Job Description
Are you ready to architect the intelligence of tomorrow? Nexus Future Systems is seeking a visionary Senior AI/ML Engineer to lead our next-generation research initiatives. We are building the core infrastructure for the next era of Generative AI and Large Language Models. If you thrive in a high-velocity, innovative environment and want to push the boundaries of what’s possible with Artificial Intelligence, we want to meet you.

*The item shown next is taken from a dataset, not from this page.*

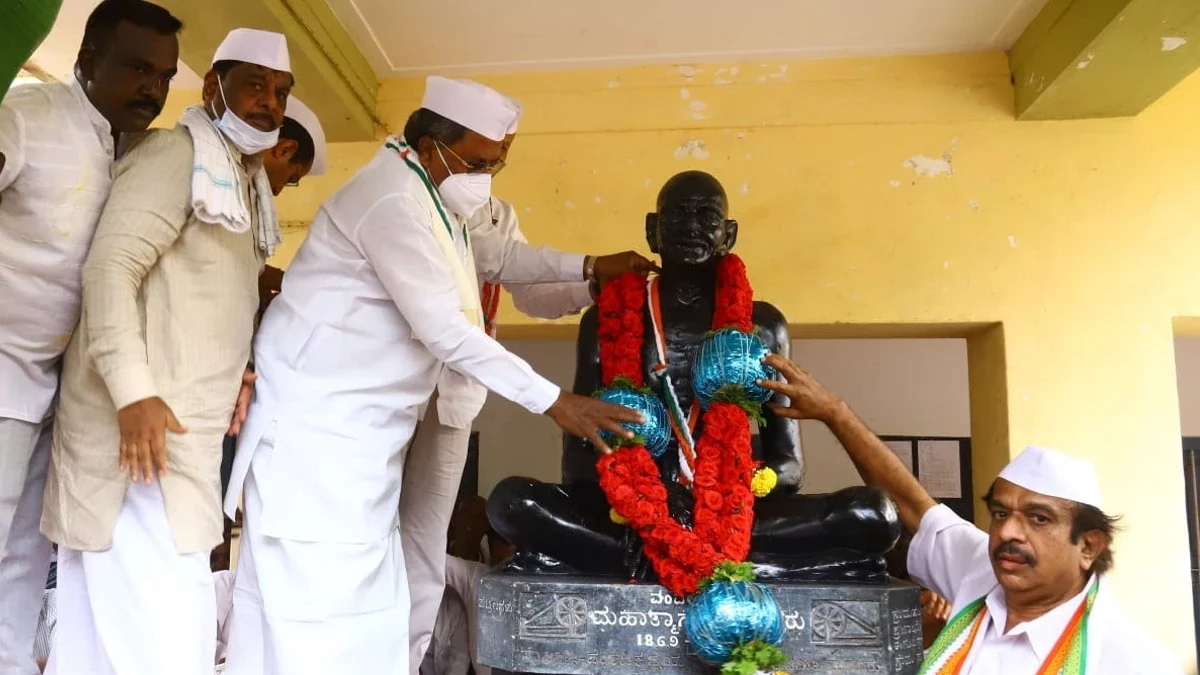 Siddaramaiah gandhiji congress march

In this role, you won’t just maintain existing systems; you will design, train, and deploy state-of-the-art models that will power our products for years to come. Join a team of world-class researchers and engineers dedicated to solving humanity's most complex problems.
Why Join Us?
- Work on cutting-edge LLMs and Computer Vision technologies.

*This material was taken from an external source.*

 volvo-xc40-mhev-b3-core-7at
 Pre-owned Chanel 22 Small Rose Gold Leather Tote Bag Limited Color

- Competitive compensation and equity packages.
- Unlimited PTO and comprehensive health benefits.
- Flexible remote-first culture with a hub in the heart of SF.
Responsibilities
- Model Development: Design, train, and fine-tune complex deep learning models using Python, PyTorch, and TensorFlow.
- System Architecture: Architect scalable machine learning pipelines and MLOps infrastructure for production deployment.

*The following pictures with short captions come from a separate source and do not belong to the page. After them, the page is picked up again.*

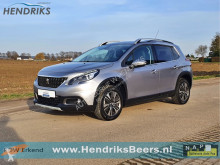 Автомобиль внедорожники 4X4 / SUV Peugeot 2008 1.2 PureTech Allure - 110 Pk - Automaat - Navi - Climate Control - Cruise Control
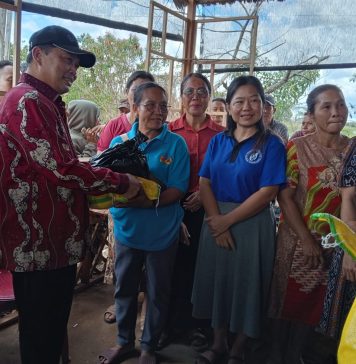 PEMPROV KALBAR BERI BANTUAN WARGA TERDAMPAK BANJIR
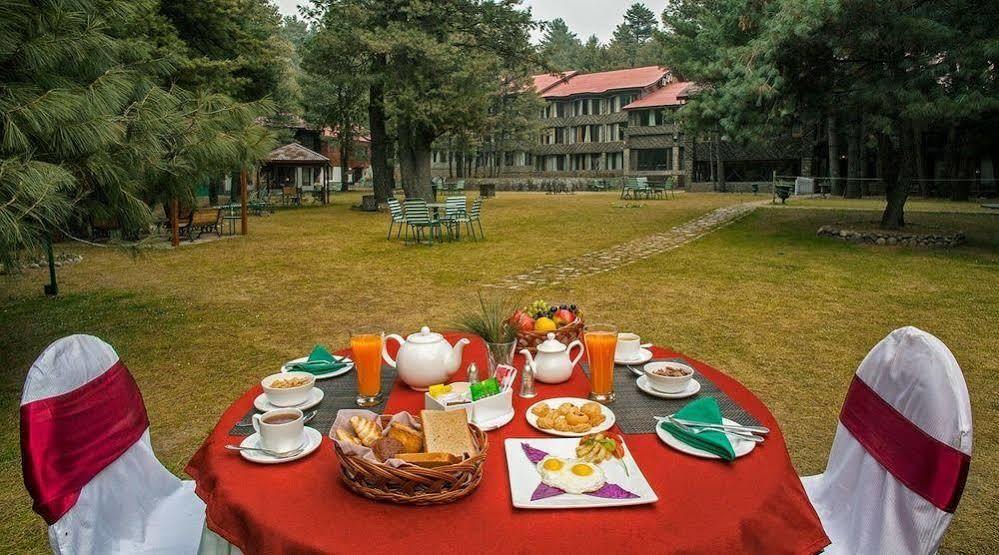 Senator Pine N Peak Hotel Pahalgam Ngoại thất bức ảnh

- Optimization: Continuously optimize model inference latency and resource efficiency to handle millions of requests.
- Cross-Functional Collaboration: Partner with Product Managers and Data Scientists to translate business requirements into technical AI solutions.
- Research & Innovation: Stay at the forefront of AI research, implementing novel architectures and algorithms.
- Code Review & Mentorship: Lead code reviews and mentor junior engineers to foster a culture of technical excellence.
Qualifications
- Education: Master’s or PhD in Computer Science, Mathematics, Statistics, or a related field (or equivalent industry experience).
- Experience: 5+ years of professional experience in Machine Learning and Deep Learning engineering.
- Programming: Expert proficiency in Python and familiarity with C++ for high-performance computing.
- Frameworks: Strong experience with PyTorch, TensorFlow, or JAX.
- Domain Knowledge: Deep understanding of Neural Networks, Transformers, NLP, or Computer Vision.
- Tools: Experience with cloud platforms (AWS/GCP/Azure) and containerization (Docker/Kubernetes).